神のすべての属性の中で、信条ではただ「全能」だけが挙げられています。これを公言することには、わたしたちの生活にとって大きな意義があります。わたしたちは神の全能がすべてのものに及ぶことを信じます。なぜなら、神はすべてを創造し、すべてを治め、すべてがおできになるからです。神の全能には、いつくしみがこもっています。なぜなら、神はわたしたちの父であられるからです。さらに、それは隠されたものです。なぜなら、それは「弱さの中でこそ十分に発揮される」(ニコリント12∙9)ものなので、信仰だけが識別できるからです。

聖書は、すべてに及ぶ神の力をたたえてうむことがありません。神は、「ヤコブの勇者」(創世記49∙24。イザヤ1∙24など参照)、「万軍の主」(詩編24∙10)、「強く雄々しい主」(詩編24∙8)と呼ばれています。神が「天において、地において」(詩編135∙6)全能であるのは、それらを創造されたからです。したがって、神におできにならないことは何一つなく、造られたものを望みのままに用いられます。神は宇宙の主であり、宇宙の秩序を定められたので、森羅万象はまったく神に従い、神の意のままになります。神は歴史の主です。思いのままに人々の心と出来事とをつかさどられます。「あなたはつねに偉大な力を備えておられる。あなたのみ腕の力にだれが逆らえよう」(知恵11∙21)。「全能のゆえに、あなたはすべての人をあわれまれる」(知恵11∙23)

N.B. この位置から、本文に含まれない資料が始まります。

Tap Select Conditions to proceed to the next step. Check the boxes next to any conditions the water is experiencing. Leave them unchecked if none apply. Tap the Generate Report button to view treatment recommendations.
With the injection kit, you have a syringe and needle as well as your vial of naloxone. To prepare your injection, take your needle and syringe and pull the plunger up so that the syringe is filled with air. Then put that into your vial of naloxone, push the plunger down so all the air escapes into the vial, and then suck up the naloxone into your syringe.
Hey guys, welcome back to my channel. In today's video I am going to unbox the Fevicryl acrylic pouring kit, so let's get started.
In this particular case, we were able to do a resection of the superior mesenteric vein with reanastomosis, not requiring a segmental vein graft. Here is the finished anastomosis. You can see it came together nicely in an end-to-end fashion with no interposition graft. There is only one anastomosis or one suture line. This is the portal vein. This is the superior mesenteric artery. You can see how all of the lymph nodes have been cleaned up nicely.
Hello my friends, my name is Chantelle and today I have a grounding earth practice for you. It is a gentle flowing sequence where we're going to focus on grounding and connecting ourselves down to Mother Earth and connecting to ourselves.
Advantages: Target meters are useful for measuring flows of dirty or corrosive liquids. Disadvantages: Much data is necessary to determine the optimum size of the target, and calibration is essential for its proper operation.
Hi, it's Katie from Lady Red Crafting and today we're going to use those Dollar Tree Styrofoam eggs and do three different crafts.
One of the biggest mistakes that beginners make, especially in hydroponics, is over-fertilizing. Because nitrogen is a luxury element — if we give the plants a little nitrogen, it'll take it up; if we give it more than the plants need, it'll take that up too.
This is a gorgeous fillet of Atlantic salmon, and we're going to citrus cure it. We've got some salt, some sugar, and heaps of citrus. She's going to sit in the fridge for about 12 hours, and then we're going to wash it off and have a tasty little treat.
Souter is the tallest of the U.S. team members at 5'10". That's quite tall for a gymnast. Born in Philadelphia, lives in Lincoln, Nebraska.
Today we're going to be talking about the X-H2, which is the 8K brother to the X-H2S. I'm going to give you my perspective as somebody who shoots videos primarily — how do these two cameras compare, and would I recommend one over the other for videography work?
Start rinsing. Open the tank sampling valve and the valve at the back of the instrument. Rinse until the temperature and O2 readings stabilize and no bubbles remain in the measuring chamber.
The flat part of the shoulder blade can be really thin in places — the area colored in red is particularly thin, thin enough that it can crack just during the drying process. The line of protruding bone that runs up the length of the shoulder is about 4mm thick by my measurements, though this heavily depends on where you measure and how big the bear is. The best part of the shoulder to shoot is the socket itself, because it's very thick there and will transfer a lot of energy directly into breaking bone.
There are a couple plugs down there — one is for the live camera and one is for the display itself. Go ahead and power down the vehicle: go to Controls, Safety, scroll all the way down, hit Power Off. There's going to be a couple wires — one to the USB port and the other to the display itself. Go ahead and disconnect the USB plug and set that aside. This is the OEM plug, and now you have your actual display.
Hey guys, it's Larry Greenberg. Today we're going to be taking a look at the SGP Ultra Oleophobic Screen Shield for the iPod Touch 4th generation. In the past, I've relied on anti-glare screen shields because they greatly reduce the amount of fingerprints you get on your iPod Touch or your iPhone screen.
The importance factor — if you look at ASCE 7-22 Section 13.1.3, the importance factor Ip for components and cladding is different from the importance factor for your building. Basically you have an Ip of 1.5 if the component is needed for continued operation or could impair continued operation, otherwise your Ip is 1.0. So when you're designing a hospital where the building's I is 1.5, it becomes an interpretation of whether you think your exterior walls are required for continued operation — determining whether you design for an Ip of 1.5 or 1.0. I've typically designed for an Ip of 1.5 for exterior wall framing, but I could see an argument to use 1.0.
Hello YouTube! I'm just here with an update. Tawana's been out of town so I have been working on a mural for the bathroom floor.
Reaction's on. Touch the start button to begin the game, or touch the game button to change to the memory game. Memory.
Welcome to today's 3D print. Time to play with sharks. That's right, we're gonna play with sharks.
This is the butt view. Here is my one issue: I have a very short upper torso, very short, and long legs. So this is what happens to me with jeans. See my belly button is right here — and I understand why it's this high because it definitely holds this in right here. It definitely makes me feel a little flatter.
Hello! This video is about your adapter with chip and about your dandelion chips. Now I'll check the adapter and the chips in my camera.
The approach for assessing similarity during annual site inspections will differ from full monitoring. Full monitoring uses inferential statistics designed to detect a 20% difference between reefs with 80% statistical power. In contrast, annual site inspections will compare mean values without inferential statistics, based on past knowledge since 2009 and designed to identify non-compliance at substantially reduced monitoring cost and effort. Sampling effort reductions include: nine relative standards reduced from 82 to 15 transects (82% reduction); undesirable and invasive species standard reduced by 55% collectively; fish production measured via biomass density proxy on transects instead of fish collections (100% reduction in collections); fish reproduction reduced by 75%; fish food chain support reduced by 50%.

神は全能の父です。神の父性と神の権能という二つの面が相互に作用し合いながら、それぞれの意味∙内容を明らかにしてくれます。実際、神は父としてのご自分の全能を、わたしたちの必要を配慮したり、わたしたちを子とする(「わたしはあなたがたにとって父となり、あなたがたはわたしの息子、娘となる、全能の主はこう仰せられる」くニコリント6∙18〉)ことによって、また、その無限のあわれみを通して示しておられます。さらに、罪を思いのままにゆるすことで、ご自分の権能を極限まで表しておられるのです。

神はご自分の全能を恣意的に用いられるようなことは決してありません。「神にあっては、能力と本質、意志と知性、知恵と正義はただ一つの同じものなので、神の正しい意志やその賢明な知性にないことは、神の能力にもありえないのです」。

全能の父である神への信仰は、悪と苦しみの体験によって試みられることがあります。神は存在せず、悪を妨げることもおできにならないと思えるようなことがあります。ところが、神は御子が進んで自らを無とし、復活したというきわめて神秘なしかたで、ご自分の全能を示し、悪に打ちかたれました。このように、十字架につけられたキリストは神の力、神の知恵なのです。「神の愚かさは人よりも賢く、神の弱さは人よりも強いからです」(一コリント1∙25)。キリストの復活と栄光化に際して、御父はご自分の「力」を働かせ、「わたしたち信仰者に対して絶大な働きをなさる」ご自分の「力が、どれほど大きなものであるか」(エフェソ1∙19-22)を示されました。

ただ信仰によってのみ、わたしたちは神の全能の人目にはつかない道をたどることができます。この信仰は自らの弱さを誇ることで、キリストの力を引き寄せます。おとめマリアが、この信仰の最高の模範です。マリアは「神にできないことは何一つない」(ルカ1∙37)ことを信じ、「力あるかたが、わたしに偉大なことをなさり、そのみ名は尊い……」(ルカ1∙49)といって、主をあがめることができました。

「したがって、わたしたちの信仰と希望を強固にするために最適なものは、神におできにならないことは何もないと、心中に深く刻まれた信念にほかなりません。実際、神の全能の概念を持ちさえすれば、〔信条で〕引き続き述べられている信じなけれぱならない一つ一つのこと、大変偉大で、まったく理解しがたく、また自然の通常の法則をはるかに超えることがらに閧しても、理性はそれらを直ちに、容易に、何のためらいもなく容認するでしょう」。

要約

わたしたちは正しい人ヨブとともに、「あなたは全能であり、み旨の成就を妨げることはできないと悟りました」(ヨブ42∙2)と宣言します。

教会は聖書の教えを忠実に受け継ぎ、しばしば「全能で永遠である神」に(「全能、永遠の神よ……」と)祈りをささげますが、それは「神にはできないことは何一つない」(ルカ1∙37)ことを固く信じているからにほかなりません。

神はわたしたちを罪から回心させ、恵みによって友愛関係を取り戻させることによって、ご自分の全能を現されます(「全能の神よ、あなたのゆるしは限りなく、そのあわれみはすぺてに及ぴます」)。

神の愛は全能だと信じないならば、御父がわたしたちを創造し、御子がわたしたちをあがない、聖霊がわたしたちを聖化してくださると、どうして信じられるでしょうか。